The three are eternally real and distinct; the Father is not the Son, the Son is not the Spirit. Yet each of the three is the whole God. The Son is all that the Father is, except for being the Father. Furthermore, the relations of the three in the one indivisible being of God are marked by brimful, overflowing life: the Father begets or generates the Son and breathes out the Spirit. God is not inert or static; he is life itself. In fact, the free act of creation would not be possible if God were not, in himself, triune.
While this doctrine has been, and is, the subject of intense and highly refined analysis, it remains a mystery. We can never as creatures, come to a comprehensive understanding of the infinitude and transcendence of the God who has revealed himself in his Son, Jesus Christ, through the operation of the Holy Spirit. We can only exclaim with Paul:
O the depth of the riches and wisdom and knowledge of God! How unsearchable are his judgments and how inscrutable his ways! (Rom. 11:33).

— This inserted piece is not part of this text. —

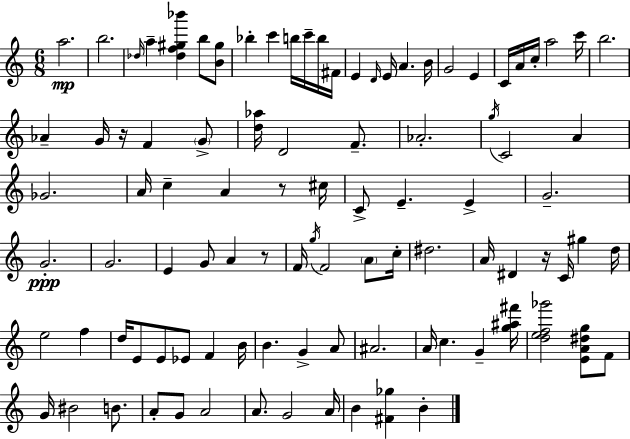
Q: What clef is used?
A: treble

The doctrine of the trinity as the church articulated it and as we confess it is rooted in the reality disclosed in Scripture. It is founded on the oneness and uniqueness of God, simultaneously seen in the eternal and irreversible distinctions of the three ‘persons.’ While God brought all other entities into existence, he does not name himself in terms of anything in creation, such as Creator, Redeemer or Sanctifier, although these are works he performs. Rather, he names himself as who he forever is in himself, eternally the Father, the Son and the Holy Spirit. He is relational, for the Father is the Father of the Son. He is love, for only a being that is relational can love; Allah cannot be love since the god Muslims worship is a solitary monad. Only the God who is inherently relational can be personal, for it is persons (whether divine or human) that love.
While we speak of three ‘persons’, the persons of the trinity are unlike ourselves. We are each separate beings. We all differ in appearance, characteristics and length of life. The three trinitarian ‘persons’ are forever the same, mutually indwelling each other, for since they are each and together the whole God they occupy the same infinite divine space, as Gerald Bray once wrote.
Pre-eminently, God discloses himself as triune in Jesus Christ. At his baptism, the Father announces that he is his beloved Son, the Spirit descending and resting upon him. At the cross, the eternal Son offers himself through the eternal Spirit to the Father (Heb. 9:14). All three persons operate together. Jesus’s personal identity is the eternal Son who has taken human nature as his own. One of the trinity knows the depths of human suffering, human death and human burial, and has conquered them, bringing life to all who trust him.